I’ve had a fascination with the way value is described ever since my father told the then-teenage me this:
The only truth on a balance sheet is the cash position. Everything else is a conventional representation.
Trying to read economics at university became a teensy bit more interesting as a result, as a part of me kept wrestling, arguing, disagreeing with what I was required to learn.
There are a lot of people out there who have helped me learn how to think and learn how to learn. They number in their thousands: people who’ve written things I’ve read; more recently, as we move into video as interaction, people who’ve said things I’ve heard, shared things I’ve watched them share; people who’ve taught me; people who’ve engaged in discussion with me, often over meals. Thousands of people who’ve influenced how I think. As you would expect, their influences have been uneven, some very much more than others. A handful, perhaps fifty, have really helped me think.
One of them is Joi Ito. You can therefore imagine why I found this recent post by him, on reinventing bookkeeping and accounting, fascinating.
It reminded me of an Eric Klieber post I’d read many years ago, helping me realise that traditional accounting was built to look at things retrospectively and that only physical things were catered for with any degree of accuracy.

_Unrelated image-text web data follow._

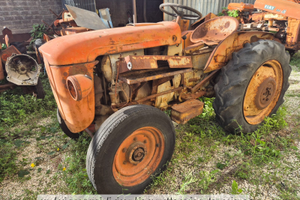 Pezzi di ricambio per trattori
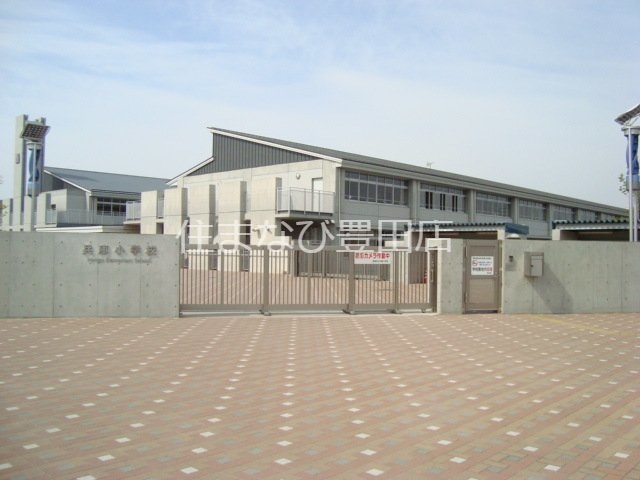 小学校　東郷町立兵庫小学校（小学校）まで707m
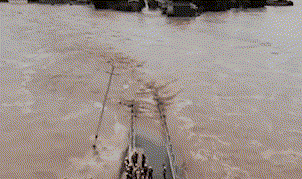 航拍四川乐山救援现场：洪水截断大桥 消防艇转移被困者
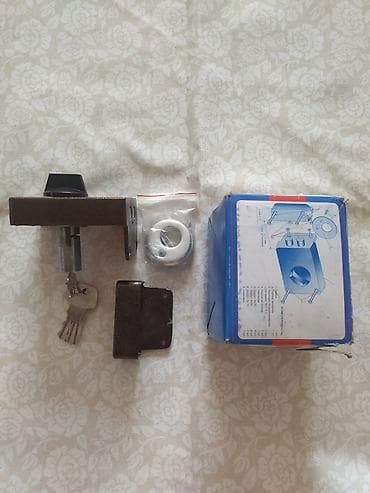 Пластик эшиктер: Эшик кулпулары — 1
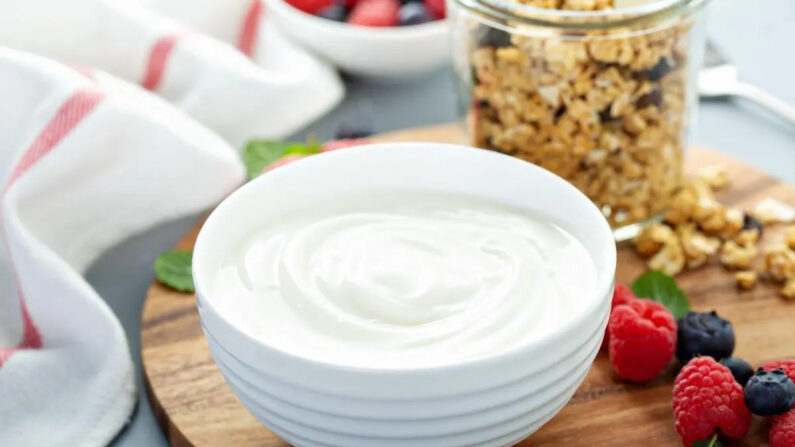 Manger du yaourt peut reconstituer des millions de probiotiques (Elena Veselova/Shutterstock)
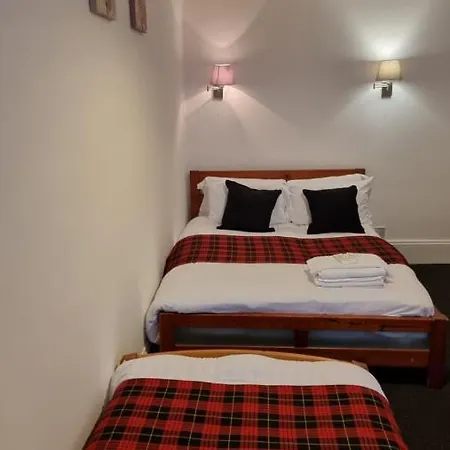 The Hampton Court מלון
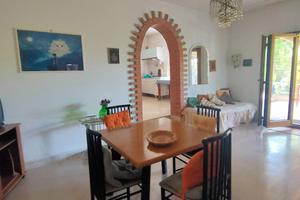 CASA DI CAMPAGNA CON 6000 Mq di TERRENO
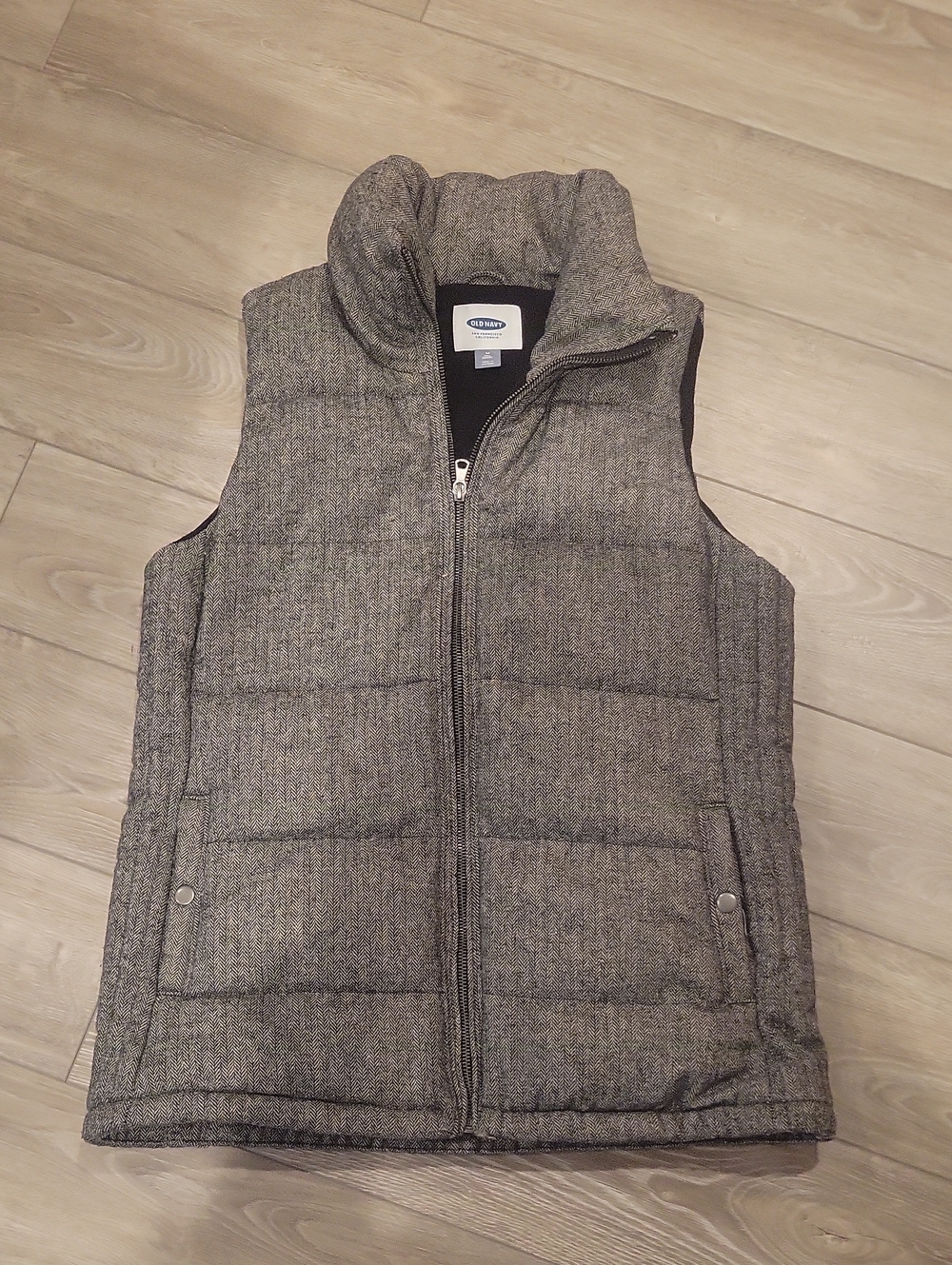 Old Navy Charcoal Quilted Puffer Vest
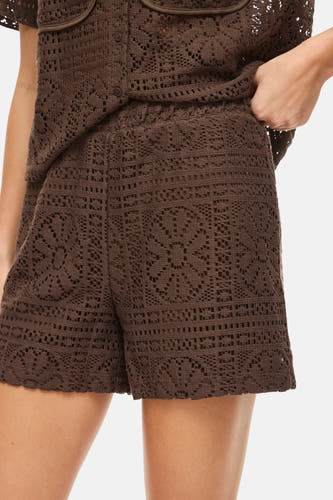 Bruine short van VILA® met een opengewerkt gehaakt patroon.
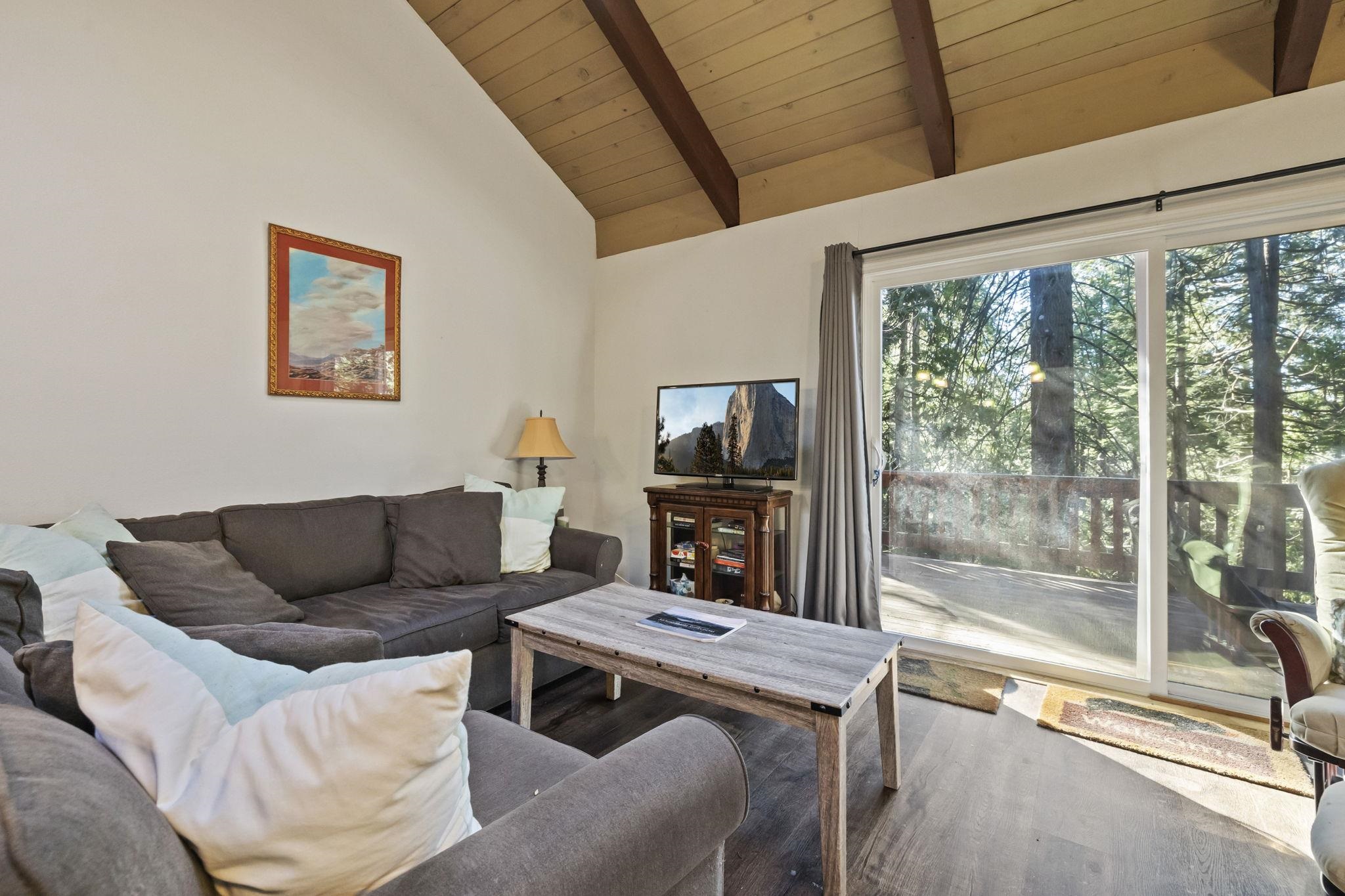 Detail Gallery Image 13 of 38 For 24144 Olo Win Trl, Mi Wuk Village,  CA 95346 - 3 Beds | 2 Baths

More recently, I’ve been quite taken with some of the stuff Charlie Bean has been sharing, particularly when it comes to how we measure economic activity. If you haven’t done so already, it’s worth spending time reading the whole of the Bean Report on UK economic statistics. We live in a world where barely one per cent of one of the biggest countries in the world pays any tax; where a major country can almost double its GDP by “statistical revision”.
How we impute and account for value affects everything we do, as individuals, as firms, as economies, as society. In a hyperconnected world where people, capital, capabilities, relationships and ideas can and do migrate at speed (and I say this despite recent attempts to build walls preventing any and all of this migration: sorry, this bird has flown — — in such a world, it becomes imperative that we have tools that are fit for purpose.
That’s also one of the reasons I spend time reading what people share over at Evonomics. Rory Sutherland introduced me to what was going on there, and though I’ve only lurked there since, I’ve lurked regularly. I like being challenged in my thinking.
So if you’re interested in reinventing bookkeeping and accounting, do join the conversation here where Joi started the thread, we shouldn’t be fragmenting conversations. I’ve already commented there with the links I’ve shared with you here.
Ideas around distributed ledgers and blockchains and smart contracts and AI get even more interesting when you start considering their use in trasnforming substantial things. Things like 700 year old accounting systems.
We live in interesting times.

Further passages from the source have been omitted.